**PROBLEM REQUIREMENTS:**
Every single entry that follows is to be retyped exactly.

Data records:
──────
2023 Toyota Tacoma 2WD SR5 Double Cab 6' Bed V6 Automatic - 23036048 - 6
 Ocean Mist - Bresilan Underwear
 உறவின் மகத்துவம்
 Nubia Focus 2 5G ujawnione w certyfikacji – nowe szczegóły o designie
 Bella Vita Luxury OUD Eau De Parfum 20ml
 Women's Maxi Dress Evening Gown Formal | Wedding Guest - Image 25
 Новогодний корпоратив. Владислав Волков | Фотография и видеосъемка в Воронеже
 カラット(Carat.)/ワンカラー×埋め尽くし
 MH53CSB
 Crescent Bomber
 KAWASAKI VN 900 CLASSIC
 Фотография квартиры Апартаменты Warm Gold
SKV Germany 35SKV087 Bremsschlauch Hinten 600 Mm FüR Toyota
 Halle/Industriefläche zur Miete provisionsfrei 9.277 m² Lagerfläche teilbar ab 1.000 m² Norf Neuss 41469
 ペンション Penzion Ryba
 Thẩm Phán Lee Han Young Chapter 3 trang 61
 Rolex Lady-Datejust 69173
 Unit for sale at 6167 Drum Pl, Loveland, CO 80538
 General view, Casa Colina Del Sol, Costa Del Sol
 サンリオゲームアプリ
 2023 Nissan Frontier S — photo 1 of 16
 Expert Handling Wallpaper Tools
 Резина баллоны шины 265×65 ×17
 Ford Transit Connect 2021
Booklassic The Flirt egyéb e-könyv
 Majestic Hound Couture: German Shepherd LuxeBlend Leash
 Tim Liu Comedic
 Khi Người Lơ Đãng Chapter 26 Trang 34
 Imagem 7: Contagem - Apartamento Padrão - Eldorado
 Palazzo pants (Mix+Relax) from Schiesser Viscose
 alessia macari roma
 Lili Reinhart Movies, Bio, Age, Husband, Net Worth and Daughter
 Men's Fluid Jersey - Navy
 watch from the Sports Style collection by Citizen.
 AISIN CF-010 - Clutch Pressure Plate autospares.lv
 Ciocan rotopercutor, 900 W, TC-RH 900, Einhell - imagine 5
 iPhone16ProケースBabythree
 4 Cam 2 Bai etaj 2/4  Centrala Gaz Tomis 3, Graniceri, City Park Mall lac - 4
──────
**OUTPUT FOR THIS EXERCISE:**
2023 Toyota Tacoma 2WD SR5 Double Cab 6' Bed V6 Automatic - 23036048 - 6
 Ocean Mist - Bresilan Underwear
 உறவின் மகத்துவம்
 Nubia Focus 2 5G ujawnione w certyfikacji – nowe szczegóły o designie
 Bella Vita Luxury OUD Eau De Parfum 20ml
 Women's Maxi Dress Evening Gown Formal | Wedding Guest - Image 25
 Новогодний корпоратив. Владислав Волков | Фотография и видеосъемка в Воронеже
 カラット(Carat.)/ワンカラー×埋め尽くし
 MH53CSB
 Crescent Bomber
 KAWASAKI VN 900 CLASSIC
 Фотография квартиры Апартаменты Warm Gold
SKV Germany 35SKV087 Bremsschlauch Hinten 600 Mm FüR Toyota
 Halle/Industriefläche zur Miete provisionsfrei 9.277 m² Lagerfläche teilbar ab 1.000 m² Norf Neuss 41469
 ペンション Penzion Ryba
 Thẩm Phán Lee Han Young Chapter 3 trang 61
 Rolex Lady-Datejust 69173
 Unit for sale at 6167 Drum Pl, Loveland, CO 80538
 General view, Casa Colina Del Sol, Costa Del Sol
 サンリオゲームアプリ
 2023 Nissan Frontier S — photo 1 of 16
 Expert Handling Wallpaper Tools
 Резина баллоны шины 265×65 ×17
 Ford Transit Connect 2021
Booklassic The Flirt egyéb e-könyv
 Majestic Hound Couture: German Shepherd LuxeBlend Leash
 Tim Liu Comedic
 Khi Người Lơ Đãng Chapter 26 Trang 34
 Imagem 7: Contagem - Apartamento Padrão - Eldorado
 Palazzo pants (Mix+Relax) from Schiesser Viscose
 alessia macari roma
 Lili Reinhart Movies, Bio, Age, Husband, Net Worth and Daughter
 Men's Fluid Jersey - Navy
 watch from the Sports Style collection by Citizen.
 AISIN CF-010 - Clutch Pressure Plate autospares.lv
 Ciocan rotopercutor, 900 W, TC-RH 900, Einhell - imagine 5
 iPhone16ProケースBabythree
 4 Cam 2 Bai etaj 2/4  Centrala Gaz Tomis 3, Graniceri, City Park Mall lac - 4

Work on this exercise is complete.